Plaintiff also argues the agreement is substantively
unconscionable because it requires her to pay the costs of arbitration. The agreement provides, “Unless otherwise
provided by law, I understand that the Company and I shall be responsible for
our own attorney’s fees and costs, except that I shall be required to pay the
case filing fee charged by JAMS/AAA or the filing fee had I filed a complaint
in state court, whichever is less.” (Campbell
Decl., Ex. 5, p. 2.)
As with the PAGA waiver, plaintiff will not be
required to pay costs unique to arbitration under this provision because doing
so is prohibited as “otherwise provided by law.” (See, e.g., Armendariz v. Foundation
Health Psychcare Services, Inc. (2000) 24 Cal.4th 83, 110-111.) Courts “assume that the arbitrator will
operate in a reasonable manner in conformity with the law.” (Dotson v. Amgen, Inc. (2010) 181
Cal.App.4th 975, 984.) California law
requires defendants to pay all costs unique to this arbitration. The court assumes the arbitrator will follow
that requirement.
Assuming these two provisions are unconscionable, they
are severable. “The strong legislative and judicial preference is to sever the
offending term and enforce the balance of the agreement” unless the agreement
is “permeated by unconscionability.” (Lange v. Monster Energy Company (2020) 46 Cal.App.5th 436, 453, internal
quotes, citations, and alterations omitted.)

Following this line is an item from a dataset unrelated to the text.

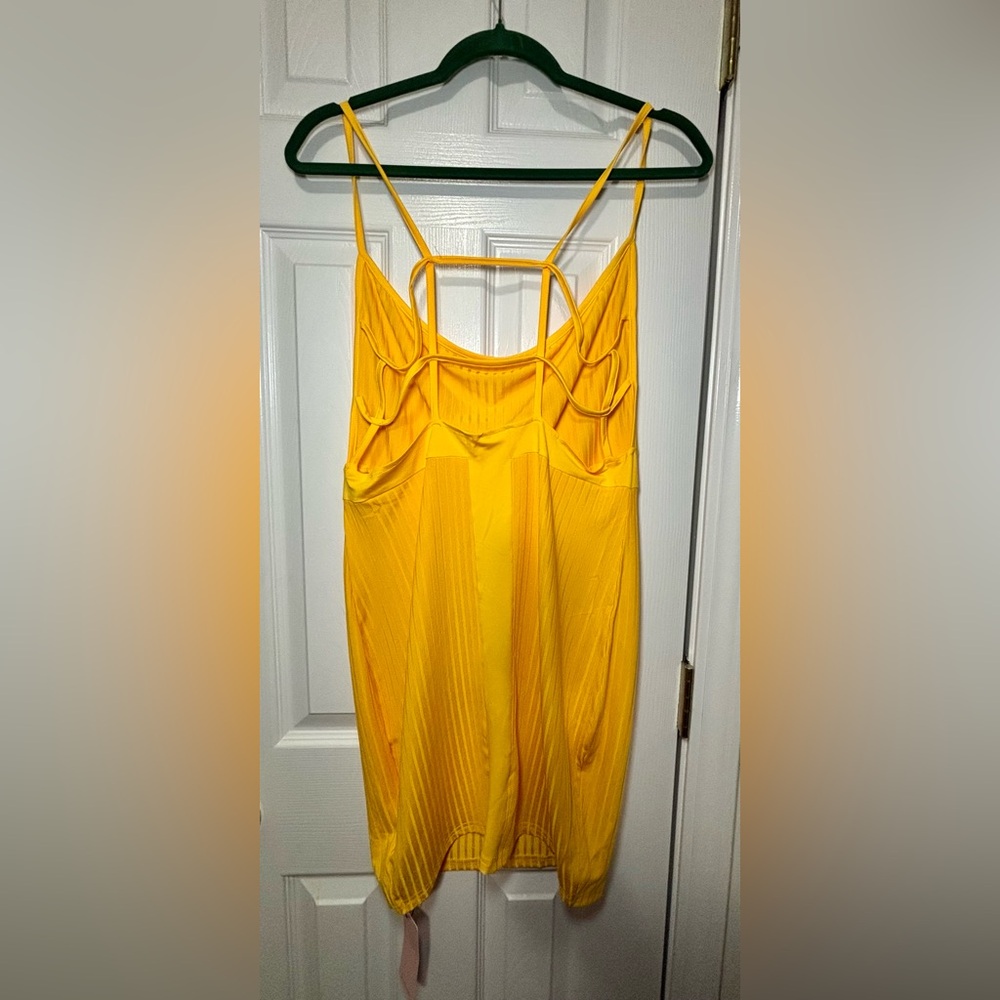 NWT MICAS SZ L YELLOW Womens Ribbed Bodycon Mini Dress - Picture 3 of 4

The agreement includes a severability clause: “If any provision of this
Agreement is held to be invalid or unenforceable, in whole or in part, the
remaining provisions shall continue to be valid and any unenforceable or
conflicting provision shall be automatically severed.” (Campbell Decl., Ex. 5, p. 3.) The court will therefore sever the PAGA
waiver and the fee provision and require defendant KHRG La Peer LLC to pay
plaintiff’s arbitration fees.
Disposition
Defendants
KHRG La Peer LLC, Karina Celis, and Felipe Cucalon’s motion to compel
arbitration and stay the action is granted.
The court
hereby severs the agreement’s “Waiver of Representative Claims”
(Campbell Decl., Ex. 5, p. 2) and the agreement’s provision that “the Company
and I shall be responsible for our own attorney's fees and costs” (ibid.). As required by Armendariz v. Foundation Health Psychcare Services,
Inc., defendant KHRG La Peer LLC must pay all of plaintiff’s costs that are unique
to arbitration.
Plaintiff
Cynthia Sandoval is ordered to arbitrate this action against
defendants. The court hereby stays the
entire action pending resolution of the arbitration proceeding.